» **Exercise objective**:
A faithful copy is required. Print each line of the data exactly and omit the pictures.

» **Source material**:
++++++++

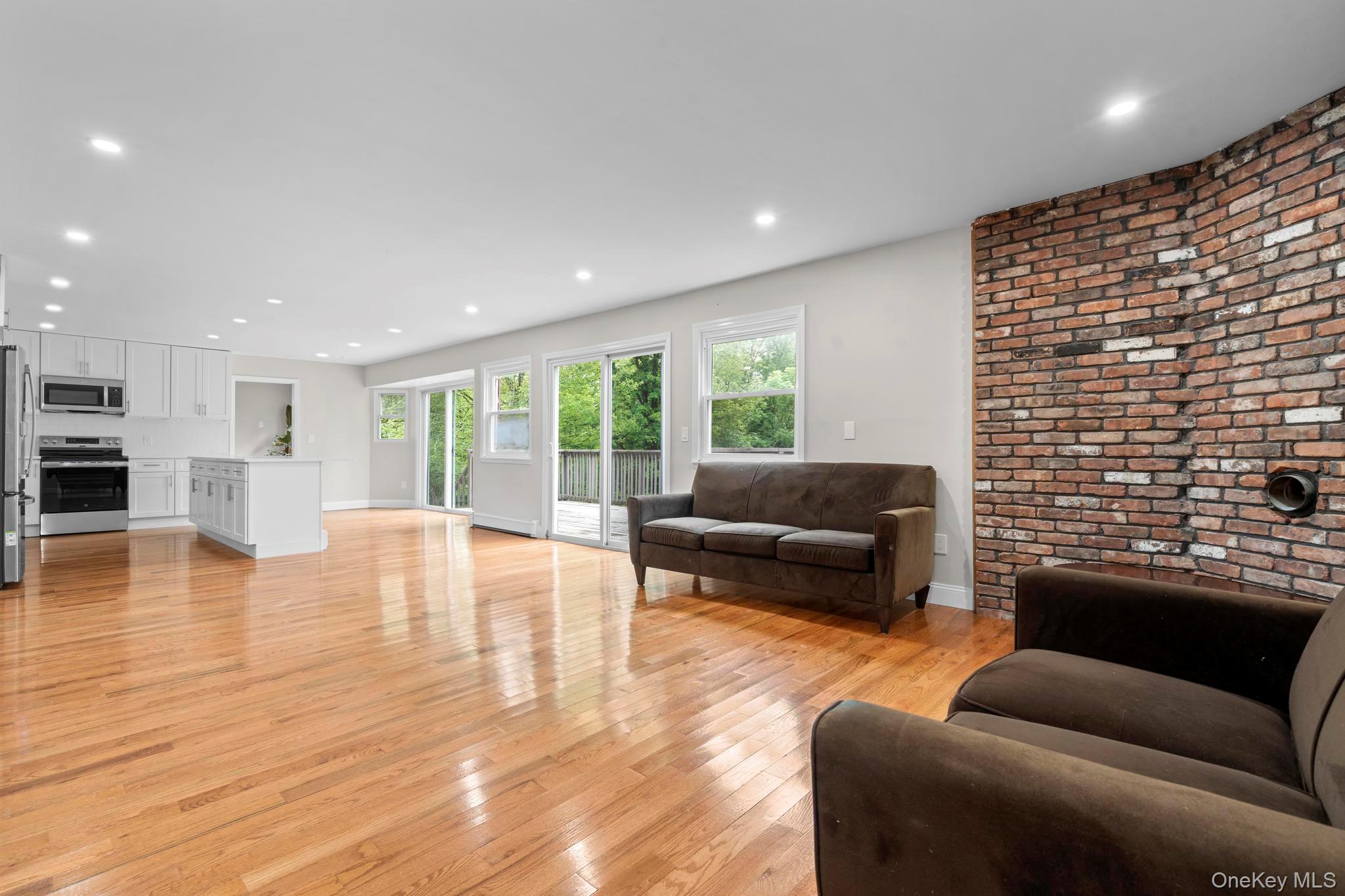 513 Bedford Road Armonk, NY 10504 - Photo 18 of 38 a living room with furniture floor to ceiling window and wooden floor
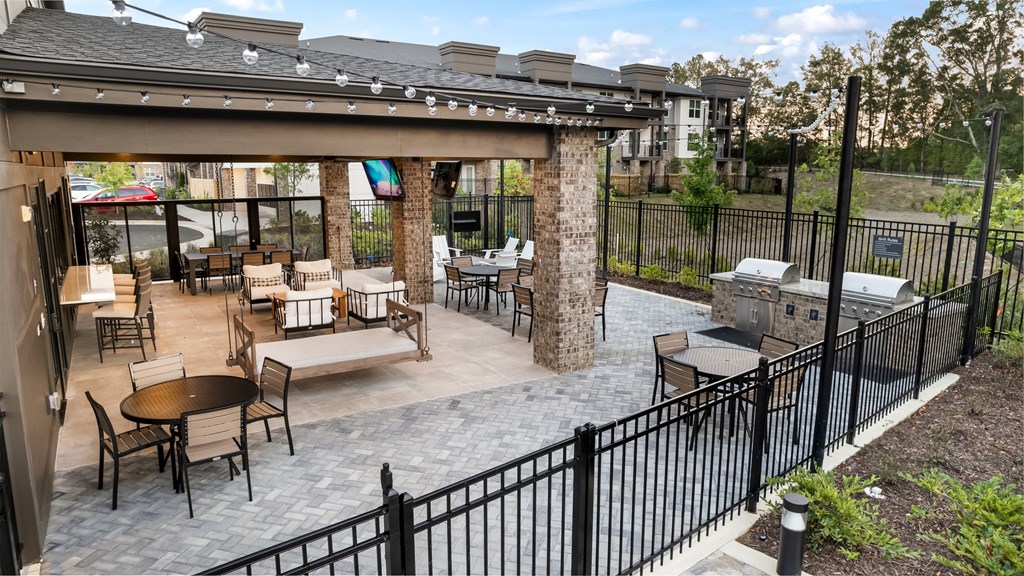 a patio with tables and chairs and a grill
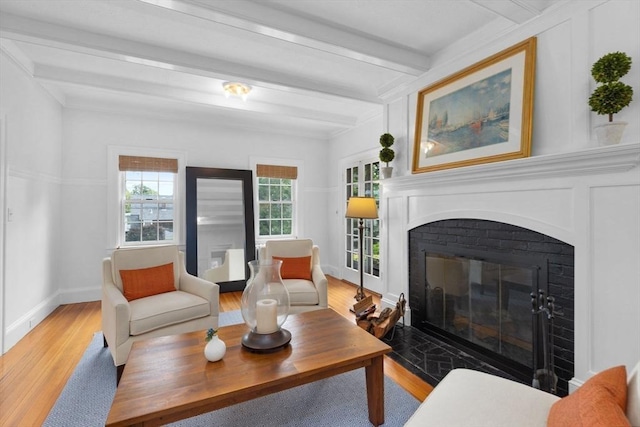 living area featuring baseboards, a glass covered fireplace, beam ceiling, and light wood-style floors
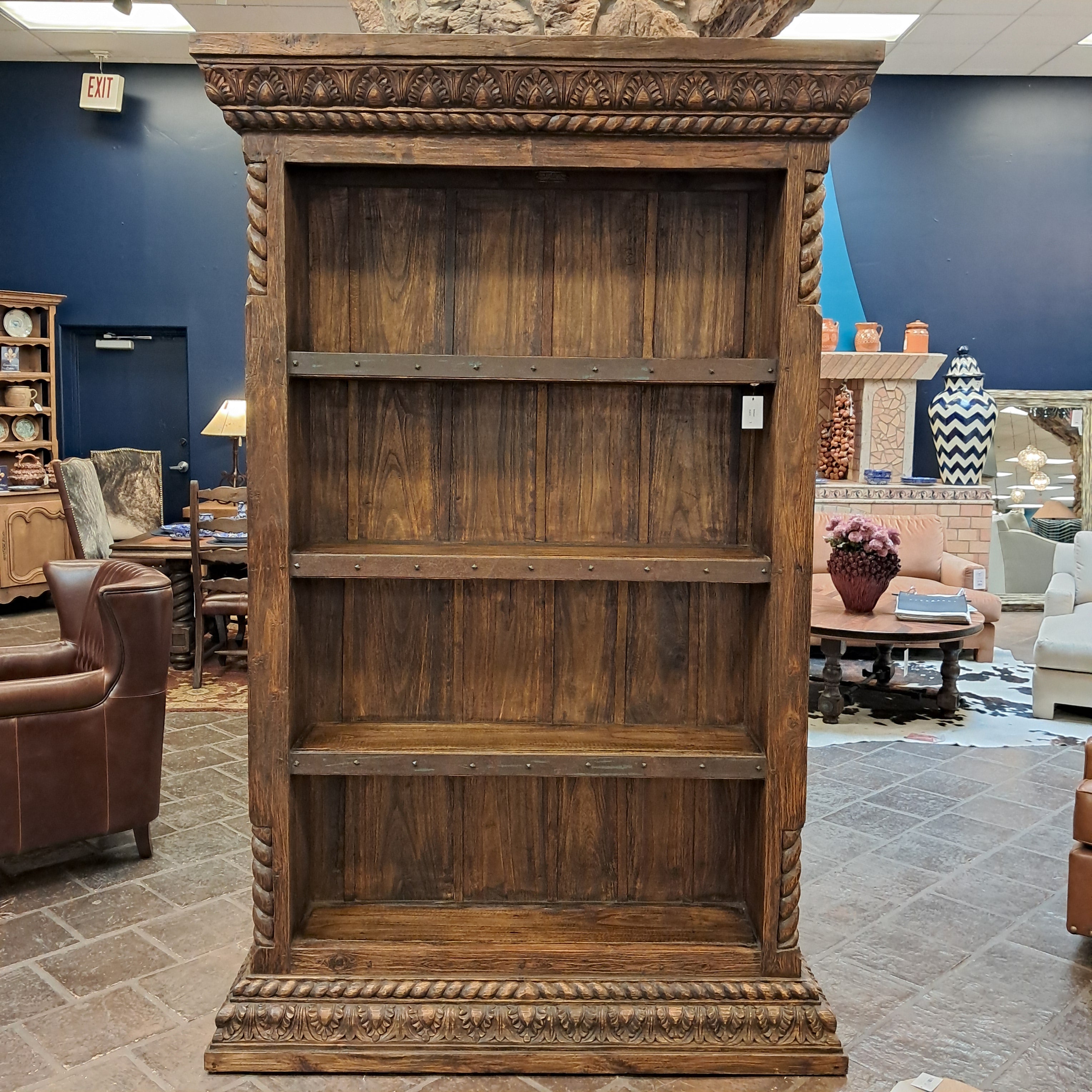 A large rustic wooden bookcase with three open shelves, ornate carved side panels, and metal bracket hardware, photographed in a furniture showroom.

++++++++

» **Your solution**:
 513 Bedford Road Armonk, NY 10504 - Photo 18 of 38 a living room with furniture floor to ceiling window and wooden floor
 a patio with tables and chairs and a grill
 living area featuring baseboards, a glass covered fireplace, beam ceiling, and light wood-style floors
 A large rustic wooden bookcase with three open shelves, ornate carved side panels, and metal bracket hardware, photographed in a furniture showroom.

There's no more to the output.